On the Scene: Chasing the Ominous Clouds of a Supercell Thunderstorm
Meet the photographer who runs into the path of severe weather.
In her eight years as a severe weather photographer, Caryn Hill has photographed 244 tornados. Every spring, in what’s known as “chase season,” Hill follows the weather patterns in her home state of Colorado and surrounding areas. She will encounter—and photograph—not only tornados, but also hail, mammatus clouds, and supercell thunderstorms.
It’s the latter—intense storms with anvil-shaped clouds—that is pictured here, looming over the Nebraska countryside. Hill captured this storm early on a summer’s evening in 2014 during one of the severe weather photography tours she runs. “We plan out photographic trips according to the weather pattern,” she says. “We also intentionally and safely position ourselves for the best possible photographic vantage point with each storm we intercept.”

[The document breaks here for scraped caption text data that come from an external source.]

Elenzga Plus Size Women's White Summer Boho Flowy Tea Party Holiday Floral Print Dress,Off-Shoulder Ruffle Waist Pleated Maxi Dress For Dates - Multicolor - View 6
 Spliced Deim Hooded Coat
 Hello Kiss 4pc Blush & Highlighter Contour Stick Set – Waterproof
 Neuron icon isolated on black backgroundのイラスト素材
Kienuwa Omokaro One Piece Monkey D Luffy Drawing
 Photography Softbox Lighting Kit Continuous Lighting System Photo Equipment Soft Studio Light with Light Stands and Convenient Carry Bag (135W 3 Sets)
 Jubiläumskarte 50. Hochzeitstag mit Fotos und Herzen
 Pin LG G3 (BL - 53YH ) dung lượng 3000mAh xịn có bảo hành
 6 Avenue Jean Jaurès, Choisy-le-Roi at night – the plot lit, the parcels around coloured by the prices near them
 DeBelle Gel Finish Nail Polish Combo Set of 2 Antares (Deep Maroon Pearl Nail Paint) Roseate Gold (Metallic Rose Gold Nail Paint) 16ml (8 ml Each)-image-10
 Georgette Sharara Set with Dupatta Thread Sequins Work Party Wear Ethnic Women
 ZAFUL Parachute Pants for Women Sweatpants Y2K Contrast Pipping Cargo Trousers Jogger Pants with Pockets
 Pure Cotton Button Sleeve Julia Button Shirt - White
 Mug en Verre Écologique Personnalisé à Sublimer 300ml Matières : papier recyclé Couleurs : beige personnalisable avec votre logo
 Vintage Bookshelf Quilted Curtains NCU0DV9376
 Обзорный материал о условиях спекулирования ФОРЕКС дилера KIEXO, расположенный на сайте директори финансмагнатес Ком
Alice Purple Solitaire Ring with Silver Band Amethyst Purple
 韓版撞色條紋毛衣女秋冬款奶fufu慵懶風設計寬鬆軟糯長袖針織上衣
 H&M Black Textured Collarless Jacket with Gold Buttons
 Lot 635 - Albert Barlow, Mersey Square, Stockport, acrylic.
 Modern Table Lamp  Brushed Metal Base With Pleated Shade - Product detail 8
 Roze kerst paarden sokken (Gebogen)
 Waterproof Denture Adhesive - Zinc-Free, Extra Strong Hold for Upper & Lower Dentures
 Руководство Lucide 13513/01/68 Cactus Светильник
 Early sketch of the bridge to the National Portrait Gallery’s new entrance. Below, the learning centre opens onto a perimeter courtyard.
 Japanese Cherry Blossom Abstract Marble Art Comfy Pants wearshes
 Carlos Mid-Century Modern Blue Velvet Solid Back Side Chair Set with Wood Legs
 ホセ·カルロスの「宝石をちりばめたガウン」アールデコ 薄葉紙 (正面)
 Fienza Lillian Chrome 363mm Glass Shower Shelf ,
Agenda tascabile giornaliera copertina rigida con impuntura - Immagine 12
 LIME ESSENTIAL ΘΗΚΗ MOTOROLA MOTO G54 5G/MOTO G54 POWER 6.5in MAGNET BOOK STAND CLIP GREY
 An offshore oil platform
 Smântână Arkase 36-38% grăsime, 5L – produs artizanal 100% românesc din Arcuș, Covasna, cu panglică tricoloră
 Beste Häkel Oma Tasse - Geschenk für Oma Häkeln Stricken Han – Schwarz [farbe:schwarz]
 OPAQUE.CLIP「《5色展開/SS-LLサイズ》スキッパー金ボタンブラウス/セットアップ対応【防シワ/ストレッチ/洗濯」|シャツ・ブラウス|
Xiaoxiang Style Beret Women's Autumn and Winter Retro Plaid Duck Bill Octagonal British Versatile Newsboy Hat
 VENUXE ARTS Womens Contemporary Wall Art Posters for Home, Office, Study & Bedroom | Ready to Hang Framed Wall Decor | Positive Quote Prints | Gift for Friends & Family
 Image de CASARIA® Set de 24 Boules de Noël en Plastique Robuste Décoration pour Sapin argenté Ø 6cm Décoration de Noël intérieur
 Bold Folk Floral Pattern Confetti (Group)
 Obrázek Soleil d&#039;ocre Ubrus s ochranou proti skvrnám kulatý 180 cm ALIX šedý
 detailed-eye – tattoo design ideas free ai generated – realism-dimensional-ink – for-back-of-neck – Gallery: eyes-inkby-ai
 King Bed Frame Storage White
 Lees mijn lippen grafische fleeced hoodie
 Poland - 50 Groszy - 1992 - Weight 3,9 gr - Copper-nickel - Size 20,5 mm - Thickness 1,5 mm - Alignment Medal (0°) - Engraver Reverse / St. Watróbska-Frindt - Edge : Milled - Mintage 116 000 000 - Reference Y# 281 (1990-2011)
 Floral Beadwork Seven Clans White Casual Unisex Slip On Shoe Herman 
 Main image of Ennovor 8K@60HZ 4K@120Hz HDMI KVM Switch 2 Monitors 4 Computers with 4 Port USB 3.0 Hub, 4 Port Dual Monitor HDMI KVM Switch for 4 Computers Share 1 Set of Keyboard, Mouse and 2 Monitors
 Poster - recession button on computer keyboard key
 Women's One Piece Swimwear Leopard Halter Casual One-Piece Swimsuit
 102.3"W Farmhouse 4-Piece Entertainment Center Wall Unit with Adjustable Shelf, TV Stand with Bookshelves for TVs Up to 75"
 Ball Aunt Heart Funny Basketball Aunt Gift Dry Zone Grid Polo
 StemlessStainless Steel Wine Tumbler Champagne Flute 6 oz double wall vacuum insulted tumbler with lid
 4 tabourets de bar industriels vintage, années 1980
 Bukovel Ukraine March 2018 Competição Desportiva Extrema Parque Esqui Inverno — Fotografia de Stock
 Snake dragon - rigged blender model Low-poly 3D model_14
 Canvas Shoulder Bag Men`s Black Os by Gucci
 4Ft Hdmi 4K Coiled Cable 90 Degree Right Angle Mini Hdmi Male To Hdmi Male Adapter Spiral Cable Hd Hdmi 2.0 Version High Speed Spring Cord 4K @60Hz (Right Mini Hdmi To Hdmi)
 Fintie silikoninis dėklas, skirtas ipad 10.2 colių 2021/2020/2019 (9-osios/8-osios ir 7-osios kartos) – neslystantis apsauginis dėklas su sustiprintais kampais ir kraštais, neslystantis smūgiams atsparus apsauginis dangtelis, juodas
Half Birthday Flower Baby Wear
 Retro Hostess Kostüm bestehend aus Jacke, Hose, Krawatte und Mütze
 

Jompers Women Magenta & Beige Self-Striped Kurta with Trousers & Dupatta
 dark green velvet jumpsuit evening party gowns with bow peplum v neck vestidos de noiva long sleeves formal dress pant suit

Hill says she titled this photo “Range Hood” because when she first saw the dramatic clouds, she wondered what people in nearby homes were thinking when they looked out their window: “Can you imagine standing in your kitchen, cooking dinner (this was taken around 6 p.m.) and looking out and seeing this sight above your house?”
In nearby states, there are pilots who try to change the weather. Hill prefers to stand by and photograph nature unfolding. “I am forever in awe of what nature provides on any given storm chase,” she says. “But moments like this are forever etched in my mind as some of the best photographic moments as a severe weather photographer.”